■ **WHAT YOU HAVE TO DO**
When you give the entries again, keep every word as it stands and drop the pictures.

===== DATA EXTRACT

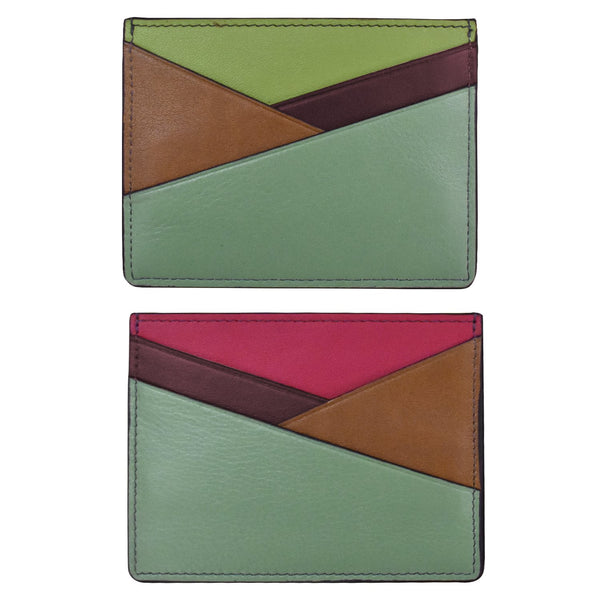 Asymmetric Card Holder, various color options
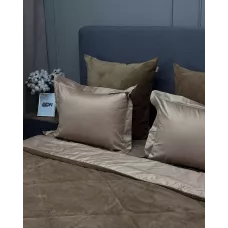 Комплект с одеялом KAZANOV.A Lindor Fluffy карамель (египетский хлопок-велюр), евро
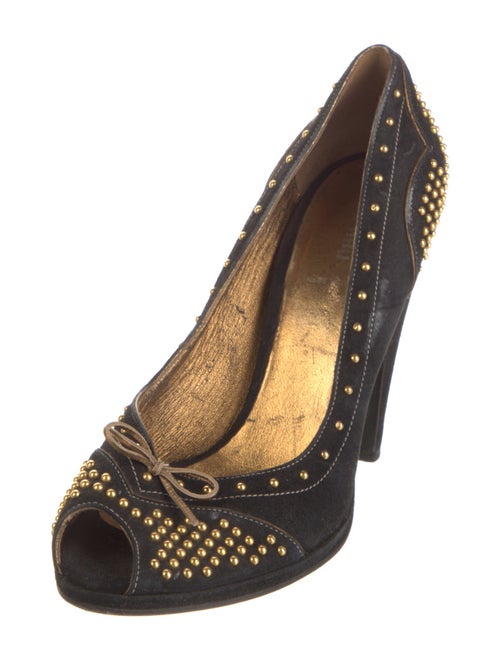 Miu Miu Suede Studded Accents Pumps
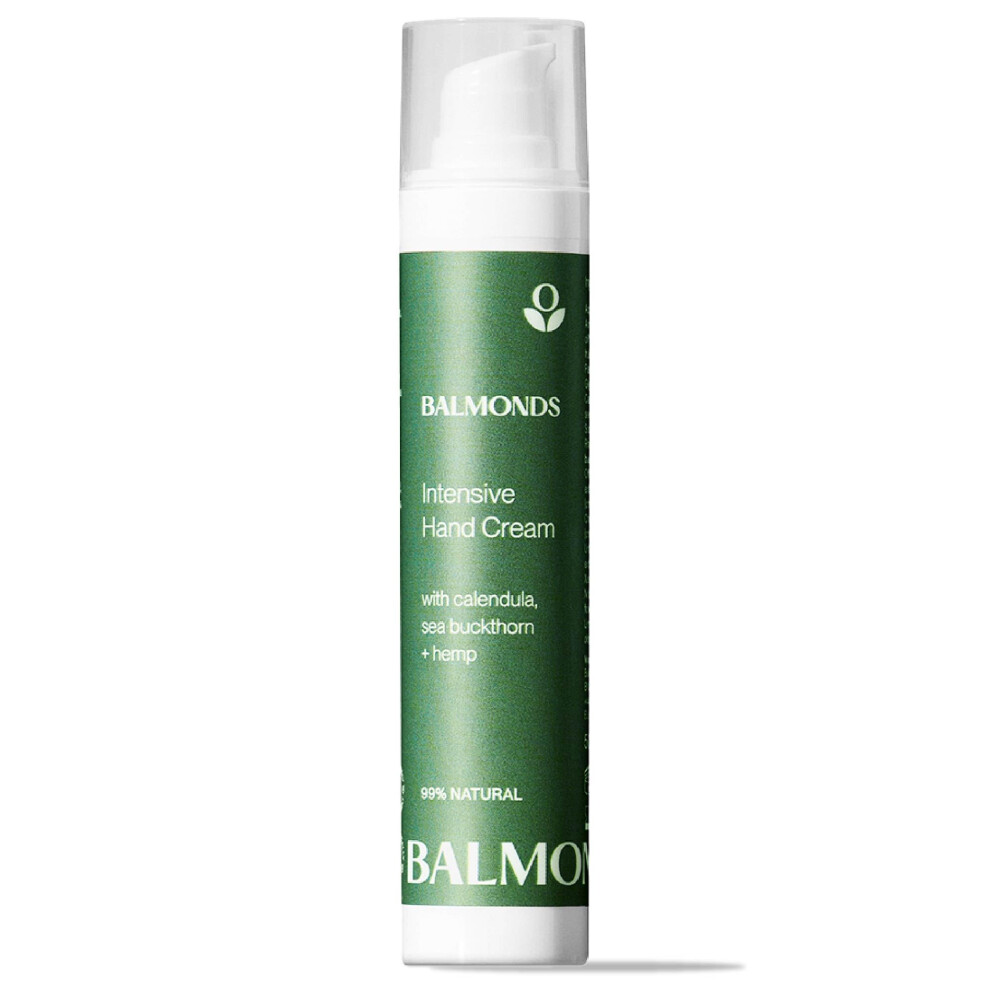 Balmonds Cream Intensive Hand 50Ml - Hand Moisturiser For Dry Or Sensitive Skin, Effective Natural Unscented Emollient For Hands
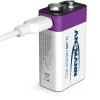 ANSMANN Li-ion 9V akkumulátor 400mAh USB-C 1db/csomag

==========

■ **RESULT**
 Asymmetric Card Holder, various color options
 Комплект с одеялом KAZANOV.A Lindor Fluffy карамель (египетский хлопок-велюр), евро
 Miu Miu Suede Studded Accents Pumps
 Balmonds Cream Intensive Hand 50Ml - Hand Moisturiser For Dry Or Sensitive Skin, Effective Natural Unscented Emollient For Hands
 ANSMANN Li-ion 9V akkumulátor 400mAh USB-C 1db/csomag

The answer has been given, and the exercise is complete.